Às 9.20 horas da manhã de 1 de Novembro de 1755, Lisboa foi praticamente arrasada por um terramoto seguido de um maremoto com ondas de 20 metros. A Europa ficou consternada com a Catástrofe e Voltaire, em especial, escreveu um belo Poema sobre a mesma : “Poema sobre o Desastre De Lisboa”. Mas as relações de Voltaire com Portugal e com a cultura portuguesa não se resumem unicamente ao Terramoto de Lisboa de 1755, cujo grau de destruição surpreendeu toda a Europa. Voltaire que de resto lia com facilidade a língua portuguesa, refere-se na sua obra “Essai sur les Moeurs” às Descobertas, Navegações e Explorações Portuguesas de uma forma elogiosa, dizendo que Portugal “começou a merecer uma glória tão duradoira quanto o Universo, através das trocas comerciais entre as nações, que foi bem depressa fruto das suas descobertas” .

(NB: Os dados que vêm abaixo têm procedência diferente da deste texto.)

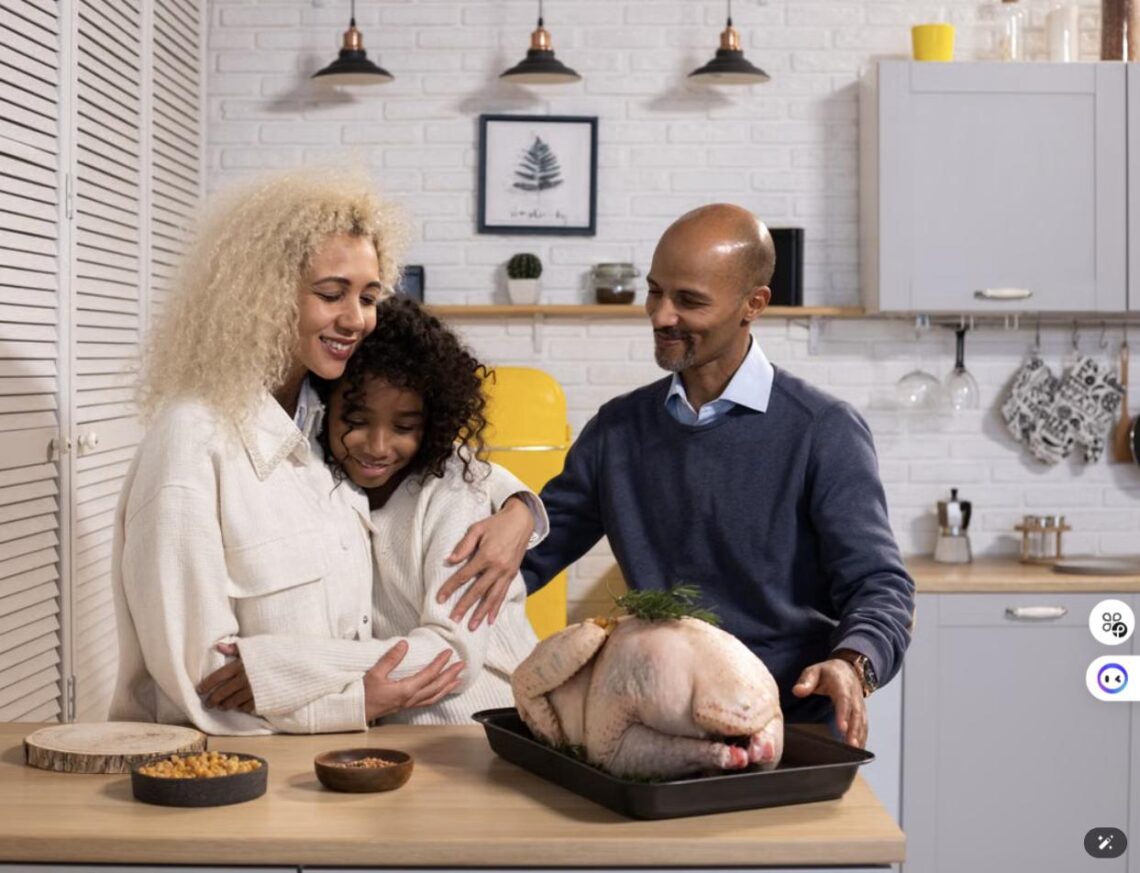 A family gathers around a raw Thanksgiving turkey on the kitchen counter, getting ready to cook.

O esplendor universal de Portugal, que atribui às riquezas vindas do Brasil foi, contudo, breve devido, diz Voltaire na obra anteriormente citada, ao facto de “essas mesmas riquezas não terem sido equitativamente distribuídas”, e comenta, com profunda e contundente ironia: “neste país o rei é rico e o povo é pobre, concluindo, não sem alguma verdade, que foi para Inglaterra que os portugueses trabalharam na América”. Muitas outras referências são feitas por Voltaire a Portugal, quer no “Essai sur les Moeurs”, quer na sua muita correspondência. No Poema sobre o desastre de Lisboa ataca os argumentos contraditórios dos optimistas. A Polémica com Rousseau e o “Cândido” constituem o termo da sua evolução pelo que poderíamos chamar de pessimismo viril, porventura temperado pela ideia de que a civilização e o progresso asseguram a felicidade do homem. Os acontecimentos da Europa e, neste caso concreto, o terramoto de Lisboa constituem a sua grande fonte de argumentos contra, principalmente, as ideias de Leibniz sobre a Providência. A sua reacção não deduz uma justificação do mal, mas antes se opõe às explicações unilaterais do Mundo.

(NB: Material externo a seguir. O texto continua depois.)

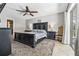 Spacious main bedroom with a large bed, dark furniture, a ceiling fan, and a decorative chair at 415 Flagler Rd, Winter Haven, FL 33884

No Poema sobre o desastre de Lisboa examina e refuta o axioma “Tudo está bem”.
No Dia de Todos os Santos, homens, mulheres e crianças oravam nas inúmeras igrejas de Lisboa no momento em que se deu o terramoto que matou a maior parte deles. Os filósofos enganados procuravam, em paz, as causas da catástrofe, - e Voltaire comenta que os devotos fariam melhor se chorassem.
Tinha na perspicácia a sua melhor qualidade, que usou ao longo da vida para se tornar num conceituado filósofo, escritor e ensaísta. Tinha já mais de duas dezenas de obras publicadas quando em 1755 as suas mais profundas concepções filosóficas sofreram um abalo proporcional ao sismo que, então, atingiu Portugal.

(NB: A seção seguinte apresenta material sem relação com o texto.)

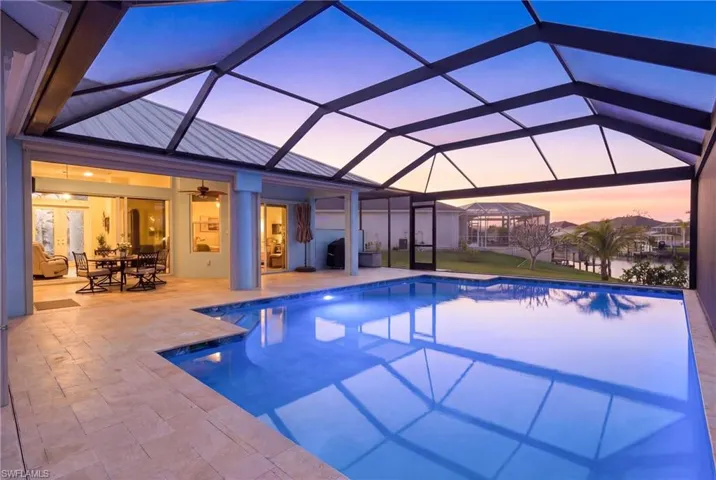 Dive into luxury in this oversized heated saltwater pool surrounded by elegant travertine decking.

Com a catástrofe portuguesa, Voltaire viu ruir todas as suas concepções do Mundo vigentes à época, pois considerava que tal fenómeno jamais poderia ter ocorrido se a Terra fosse, como até esse momento se acreditava cegamente, uma mera criação divina, regulada pelos princípios de ordem e harmonia.
Voltaire responde à desilusão com a mesma força com que esta se apoderara dele. Para isso usa “Cândido” (1759), uma comédia romântica que abre uma tensa controvérsia e qual Voltaire preferiu assinar com o pseudónimo “Monsieur le docteur Ralph” (Senhor Doutor Ralph). A Igreja Católica é o principal alvo da obra, através da qual o filósofo francês demonstra com humor que, após o terramoto que assolou Lisboa, só mesmo alguém muito ingénuo, muito cândido, poderia continuar a acreditar que vivia num mundo de bem, regido pela bondade e misericórdia de Deus.
Voltaire foi iniciado na Maçonaria no dia 7 de Fevereiro de 1778, numa das cerimônias mais brilhantes da história da maçonaria mundial, na Loja Les Neuf Soeurs de Paris. Aos 84 anos, Voltaire ingressou no Templo apoiado no braço de Benjamin Franklin, embaixador dos EUA na França. A sessão foi dirigida pelo Venerável Mestre Lalande na presença de 250 irmãos.
O Irmão Voltaire morreu três meses depois.
Não teve tempo de ficar dizendo em Loja, com o peito estufado de vaidade, quantos anos ele tinha de Maçonaria; mesmo se pudesse, ele não o faria, pois conhecia o significado do tempo e o valor da sabedoria.